Anyway, one morning, I received a text from my friend and fellow coach asking if I’d like to do the day’s workout together that afternoon. I remember this particular workout had burpees in it and, for the first time in over a year, I would be able to do them without a basketball hanging from my belly. Nobody ever gets excited about doing burpees, yet here I was, giddy at the thought. 

While a normal burpee workout would have me feeling fatigued but accomplished, after that workout, I found myself feeling a different type of way:

Empathetic.

“Being overweight freaking sucks — this is so hard,” I said to my friend, exasperatingly. This new body with all its heaviness and slowness and space-invading couldn’t do a basic functional movement without immense struggle.

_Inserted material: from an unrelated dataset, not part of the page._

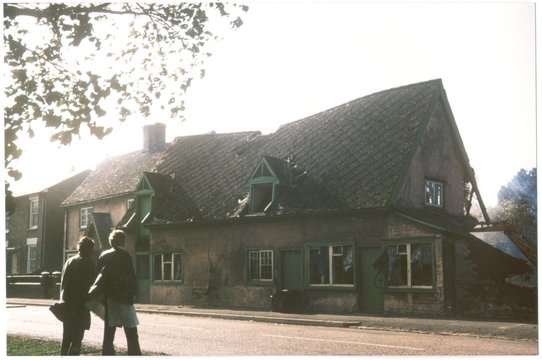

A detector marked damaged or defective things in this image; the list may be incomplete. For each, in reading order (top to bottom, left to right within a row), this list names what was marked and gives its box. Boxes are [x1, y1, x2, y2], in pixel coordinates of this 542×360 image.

broken dormer window [249, 155, 284, 214]
damaged roof [146, 79, 464, 224]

But in that moment, I was slapped silly with unexpected perspective, as this experience allowed me to view fitness beyond the lens of a lifetime athlete and instead as a vast majority of our members seeking change, betterment and overall health and wellness — all of whom began their fitness journey from different starting lines with different handicaps of their own.

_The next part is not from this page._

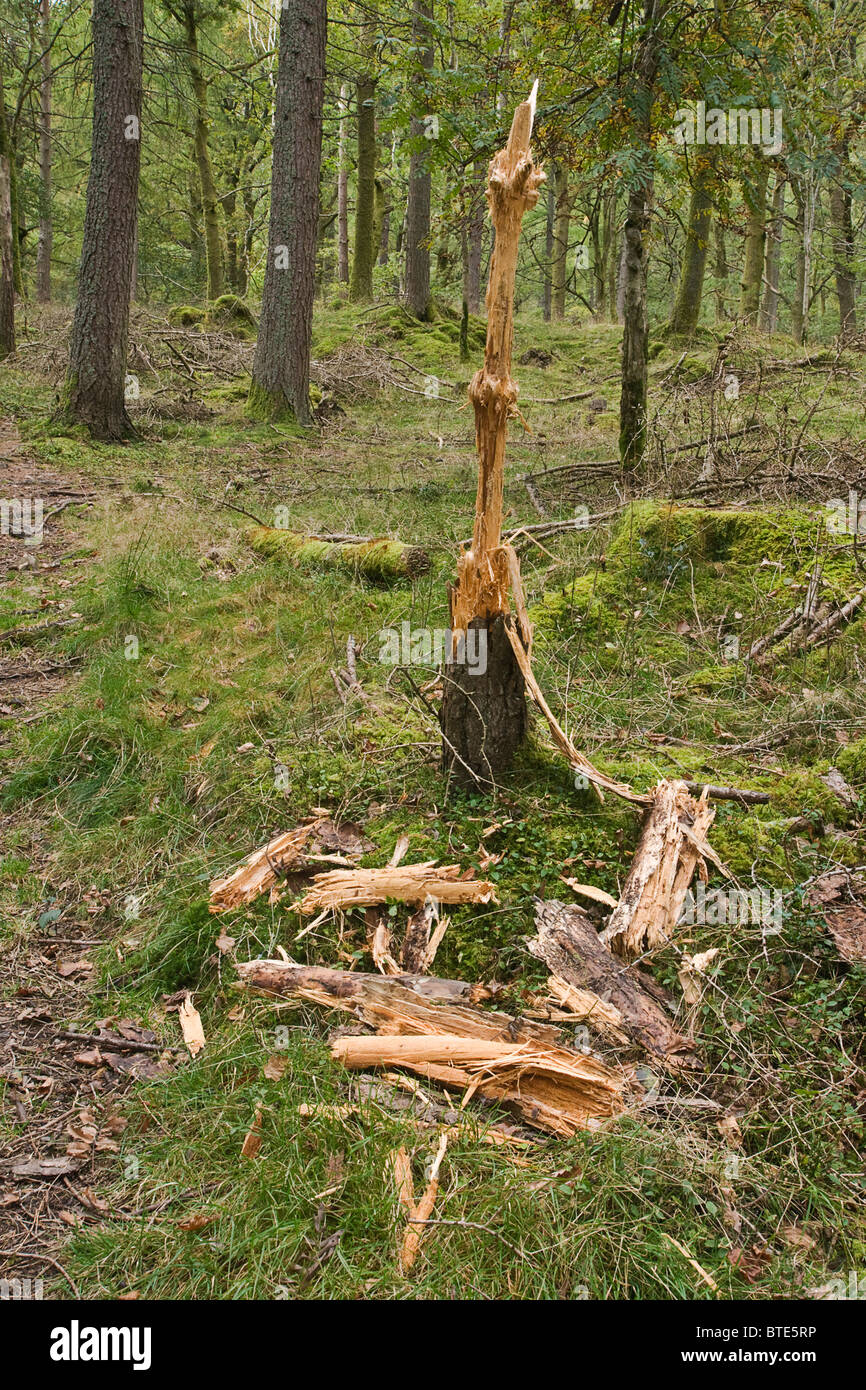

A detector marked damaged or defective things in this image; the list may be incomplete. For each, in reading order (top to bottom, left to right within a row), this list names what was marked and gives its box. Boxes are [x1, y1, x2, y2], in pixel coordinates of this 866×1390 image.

splintered wood [296, 861, 494, 917]
splintered wood [600, 778, 722, 961]
splintered wood [234, 961, 631, 1134]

In The Morning Chalk Up’s article, “Does a CrossFit Coach Need to Look Fit,” the author, Athena Perez, founder of @webelongcrossfit, politely answers in many kind and well-written words: “No, you idiots.”

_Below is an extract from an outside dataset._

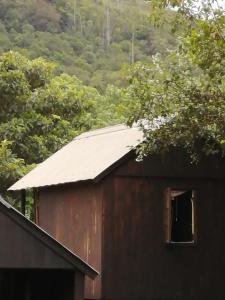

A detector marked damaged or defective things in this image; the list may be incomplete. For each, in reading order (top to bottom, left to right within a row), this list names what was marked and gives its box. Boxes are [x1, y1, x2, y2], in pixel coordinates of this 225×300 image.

rusty metal shed [0, 197, 96, 300]
charred wooden wall [37, 182, 102, 298]
charred wooden wall [101, 152, 225, 300]
burnt window opening [171, 190, 195, 244]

I found this excerpt extremely relatable and all the more inspiring:

“Does there have to be a benchmark on what someone looks like physically before somebody takes them seriously as a coach? This is not something we ask of football coaches or baseball coaches. In these sports, the coach is judged on the success of his athletes, not his appearance. That is the measure of a coach,” Perez said. “Can he inspire? Can he motivate? And can he give the instruction on what he wants the athletes to do?”

So, as I press on in my coaching career, and as you, fellow coaches, do the same, perspective has to become paramount. Forcing an InBody scan on our athletes and instructing them to bend their body image to an arbitrary baseline is a complete and total disservice to both them as human beings, and you as a coach. Weight, age, body fat percentages, muscle mass percentages … all fine data points when compounded together. But, how can we meet our athletes where they are, instead of shame them into where they “should” be? How can I program a workout for an athlete recovering from gastric bypass surgery and rebuilding years of joint stress and weakness that will inspire them, motivate them and reveal their progress to them? How can I encourage the newly postpartum mom that doing a burpee does get easier, and find modifications that make her feel like she’s scaling up instead of down? 

The ability to approach coaching empathetically, and walk each athlete toward their path to success is the measure of a good coach — not necessarily how many likes you get on a Reel of you doing shirtless butterfly pull-ups to a Puddle of Mudd song.

Sadie Flynn is a CrossFit Level 2 Trainer and former collegiate athlete with a penchant for power lifts. As a new mom, Sadie is deeply passionate about pregnant and postpartum fitness and wellness, and works hard to help women take care of their bodies before, during and after birth. When she’s not coaching at CrossFit Renew, or forcing her 90s alternative music beliefs upon you, you can find her somewhere outside with a beer, her husband, two dogs and their rambunctious toddler.